Review: A Song for Ella Grey by David Almond

An epic new novel from the award winning author of SKELLIG
A lyrical teenage love story inspired by the myth of Orpheus and Eurydice. Set in the urban landscape and coastal headlands of the North East of England, David Almond brings his legendary storytelling to this heart-breaking tale, giving it the intoxicating urgency and absolute beauty he is so admired for.
"I'm the one who's left behind. I'm the one to tell the tale. I knew them both... knew how they lived and how they died."
Claire is Ella Grey's best friend. She's there when the whirlwind arrives on the scene: catapulted into a North East landscape of gutted shipyards; of high arched bridges and ancient collapsed mines. She witnesses a love so dramatic it is as if her best friend has been captured and taken from her. But the loss of her friend to the arms of Orpheus is nothing compared to the loss she feels when Ella is taken from the world. This is her story - as she bears witness to a love so complete; so sure, that not even death can prove final.
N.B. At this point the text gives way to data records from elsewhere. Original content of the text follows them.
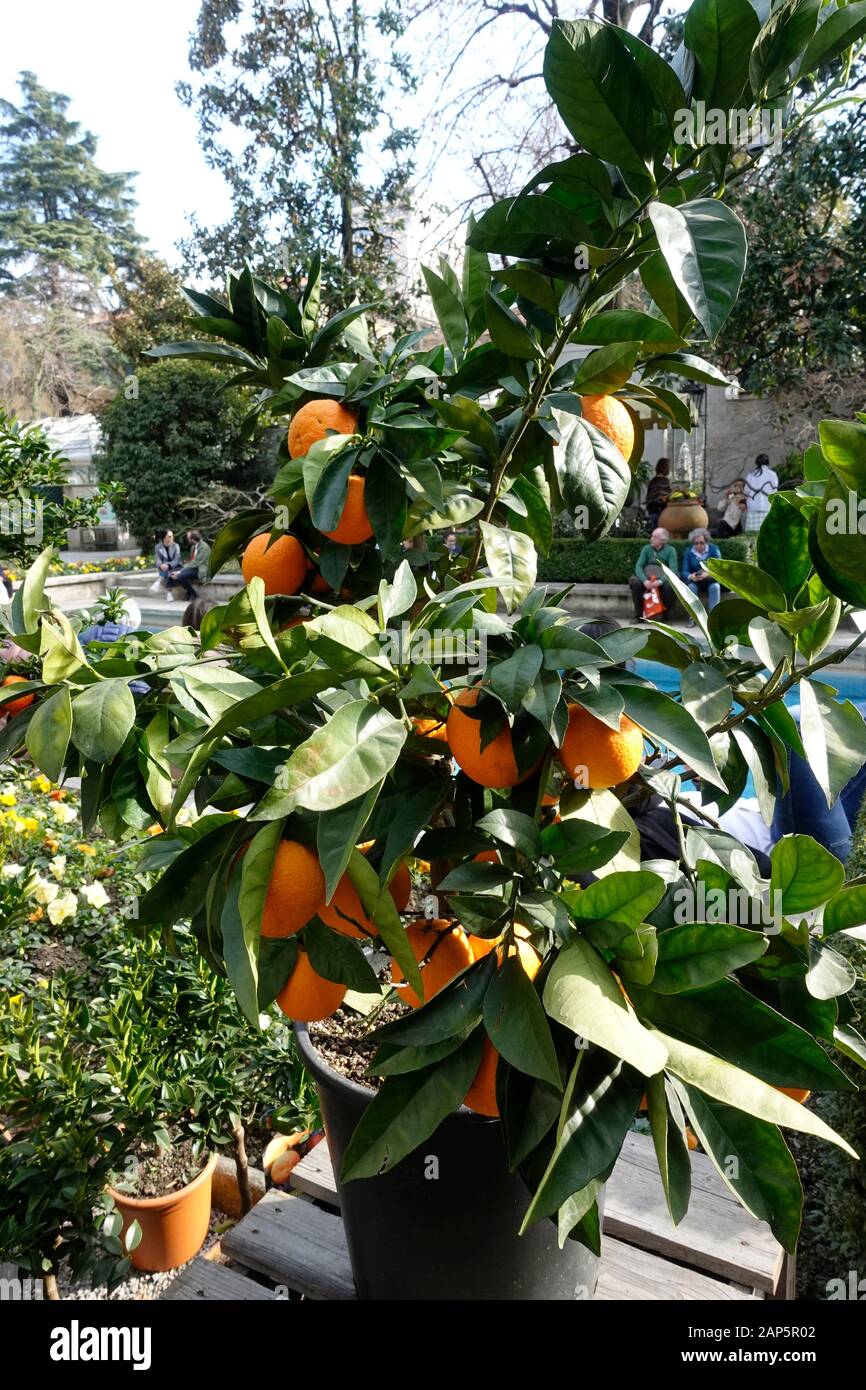 Chinotto orange, Citrus myrtifolia, The green fair, Milan, Lombardy, Italy, Europe Stock Photo
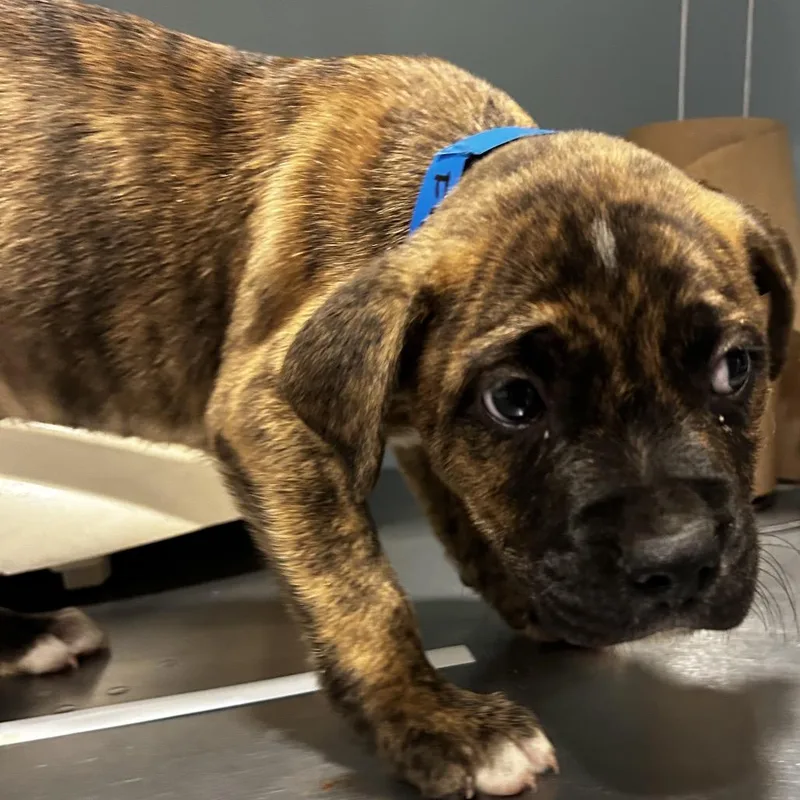 A baby small-sized male Yellow / Tan / Blond / Fawn Mixed Breed dog named Fuji Apple for adoption in Chattanooga, TN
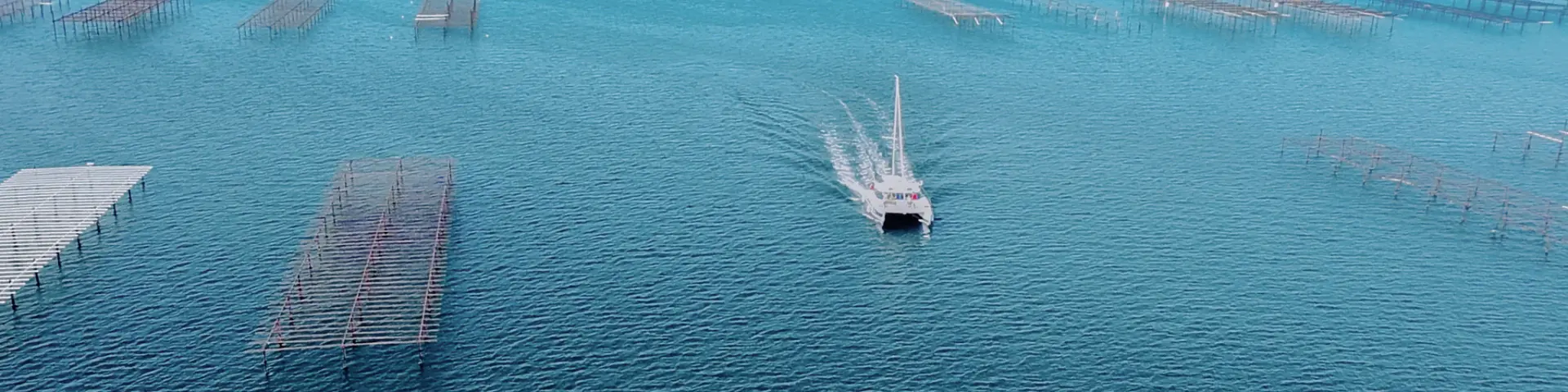 Visite des parcs à huites avec le Mansathau, étang de Thau, vue aérienne, drone, parcs à huîtres, bateau, sillage, lagune, paysage, activité conchylicole, nature, extérieur, horizontal, bateau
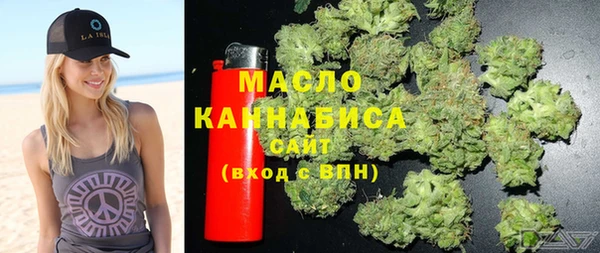 СК Алексин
I like modern takes of Greek legends, so I decided to give this one a go.

In A Song for Ella Grey, the myth of Orpheus and Eurydice is given a new twist. The story is told mostly from the point-of-view of Ella Grey's friend Claire. Ella and Claire are childhood friends who are part of a wild group of friends. It is during one of their group's outings that they meet Orpheus and this sets off a chain of events that lead to a dark ending that no one saw coming.

I read this book as a typhoon was less than a day away from my city, and the gloomy weather was perfect for this book. This is the kind of book that you read on a cloudy day in a coffee shop or by the sea, preferably while drinking coffee or tea.
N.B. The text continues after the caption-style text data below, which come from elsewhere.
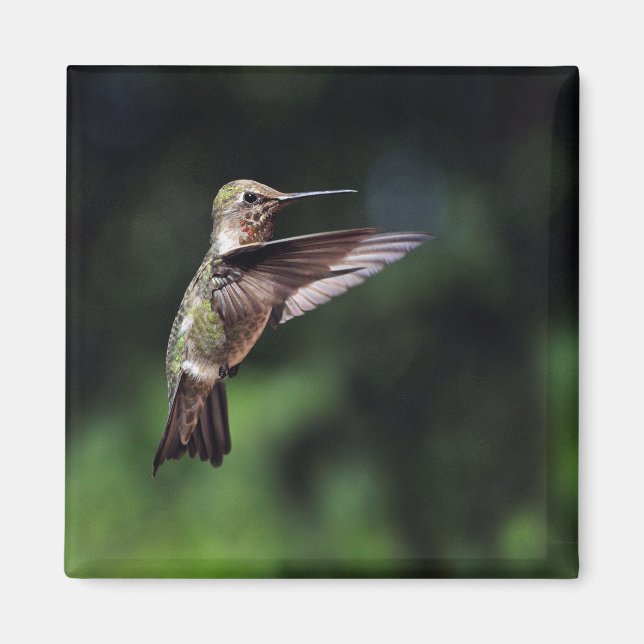 Imã Hummingbird no ímã de voo (Frente)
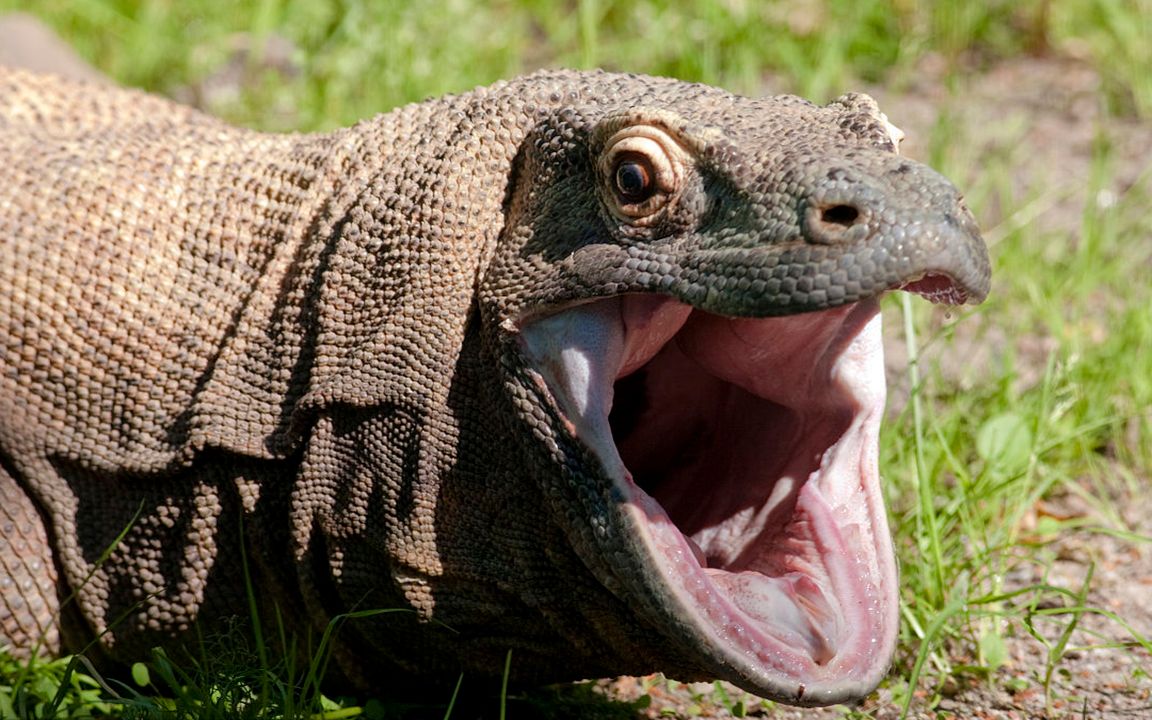 东南亚出现捕杀同族幼体的凶残动物,嘴中还有生物剧毒_哔哩哔哩 (゜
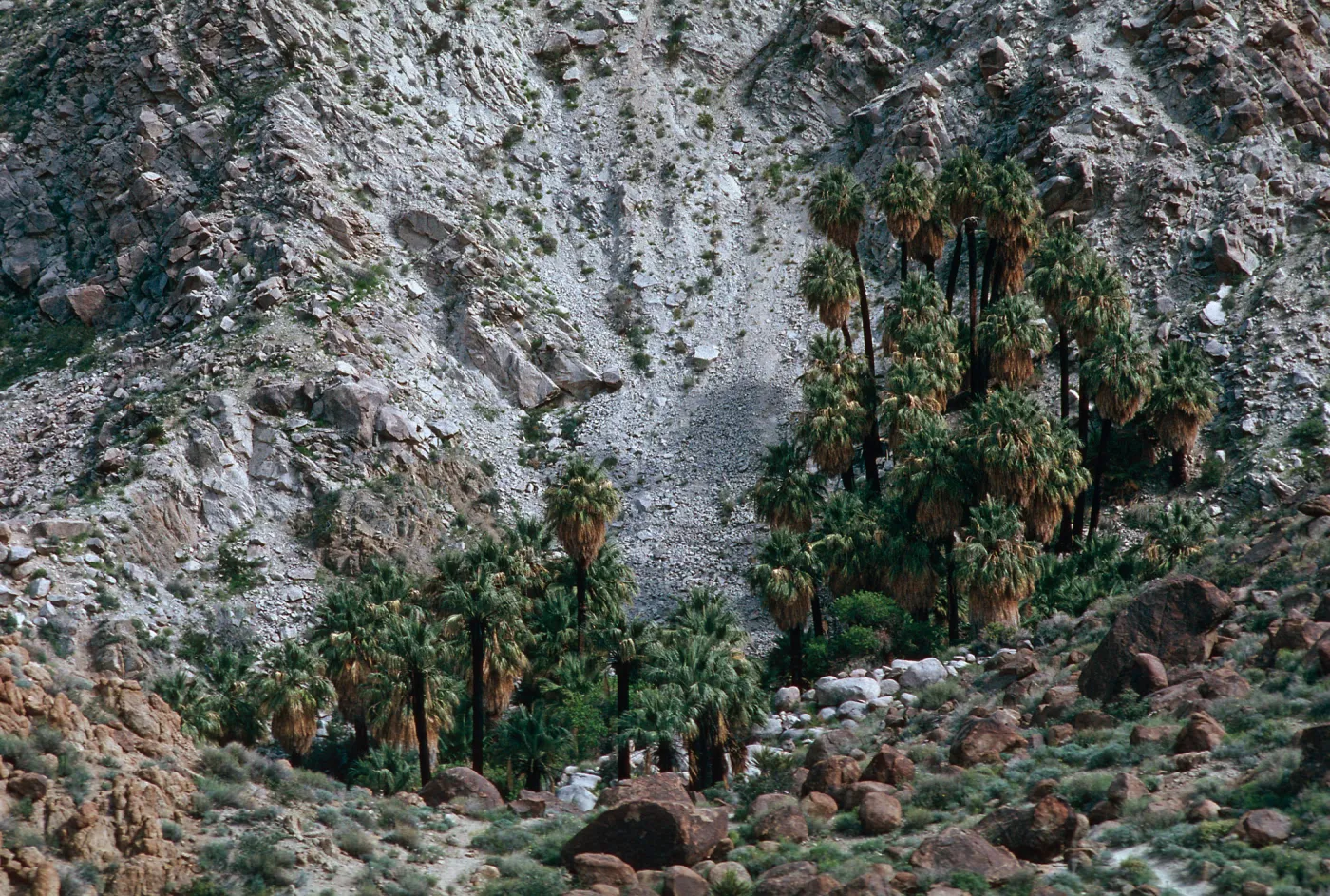 Washingtonia, 49 Palms Oasis, Joshua Tree NM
The book feels kinda dark or, appropriately enough, gray. The descriptions were flowery and were a little bit like being in a crazy dream set in Coachella. That sounds strange but for me, this book was like the book version of a cult-hit indie film that had a great soundtrack filled with obscure songs.

As for the content itself, if you know the story of Orpheus and Eurydice, then you pretty much know how this story will go. What makes this unique is the narrator and her group of her friends. The behavior of this group of friends is definitely not something that happened in my time 10 years ago, so there was a disconnect for me there.
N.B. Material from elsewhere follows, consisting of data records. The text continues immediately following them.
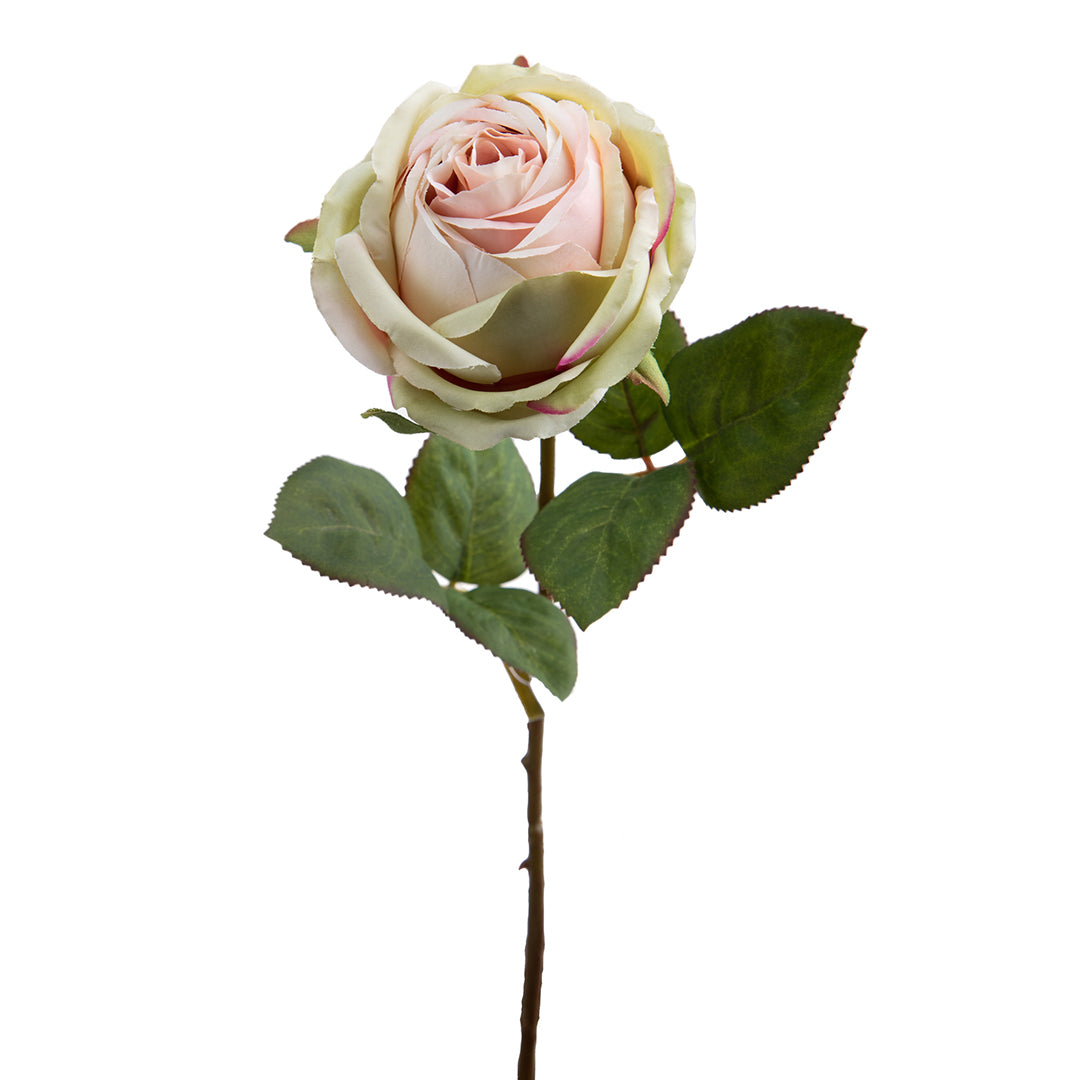 4 Pezzi • Rose artificiali singole • 67 cm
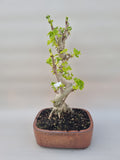 Ginkgo biloba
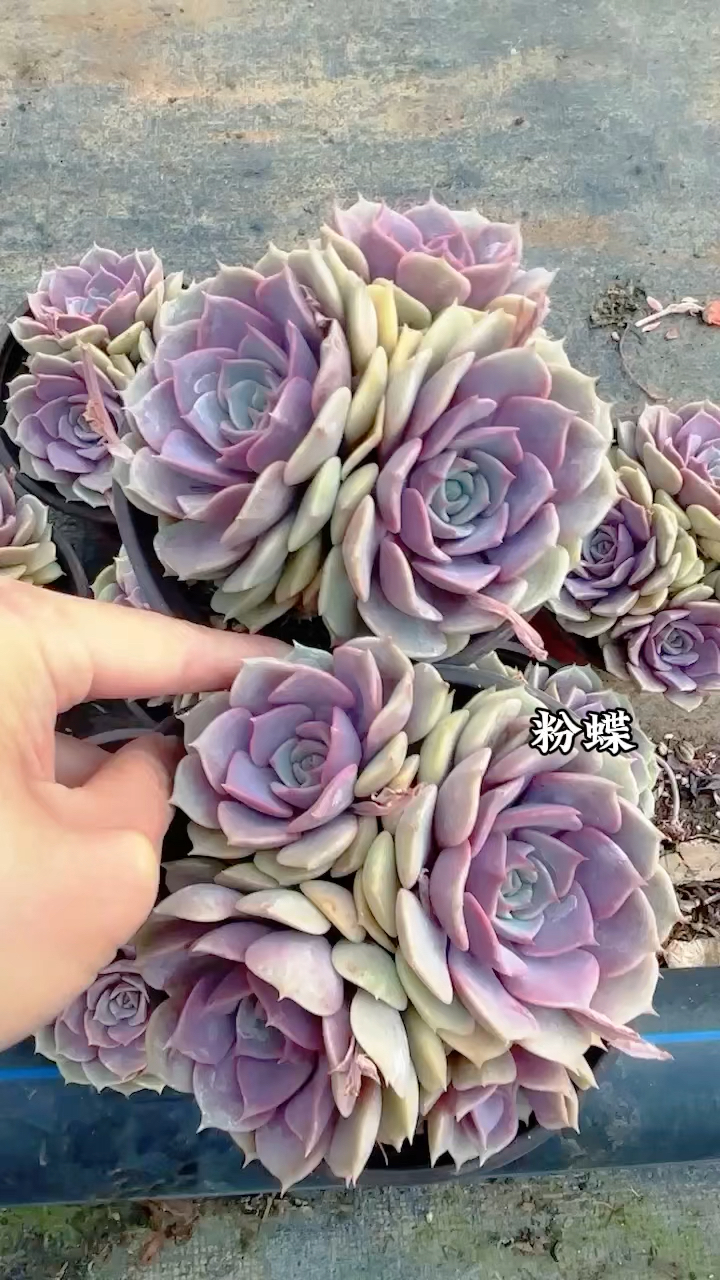 多肉植物品种,粉蝶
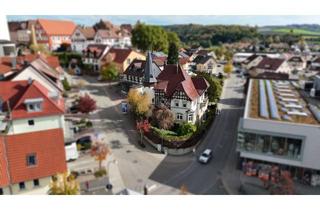 Villa kaufen in 78333 Stockach, Die letzte Jugendstilvilla im Herzen von Stockach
I also thought that while the shift from Claire's point-of-view to Orpheus' point-of-view was necessary to the narrative, I didn't like it at all and found Orpheus to be quite boring.

The book only gets a three from me, because that's how I feel about the book and based on my subjective rating scale, it falls nicely within the group of books I've read that I didn't really really like but I think is good and which someone else will enjoy immensely.

Thanks to NetGalley and Hodder Children's Books for the e-ARC.


  1. It's a new take on an old myth.
  2. It's a good rainy day read.
  3. It's a strange but wonderful book.


  1. It probably won't be everyone's cup of tea.

We look at old photographs: me as a baby, me as an infant, me as an adolescent, the three of us in beautiful formations in the world's shadows and light.

  1. You're looking for a rainy day read.
  2. You're looking for a book to read at a coffee shop.
  3. You like books that are gloomy but hopeful.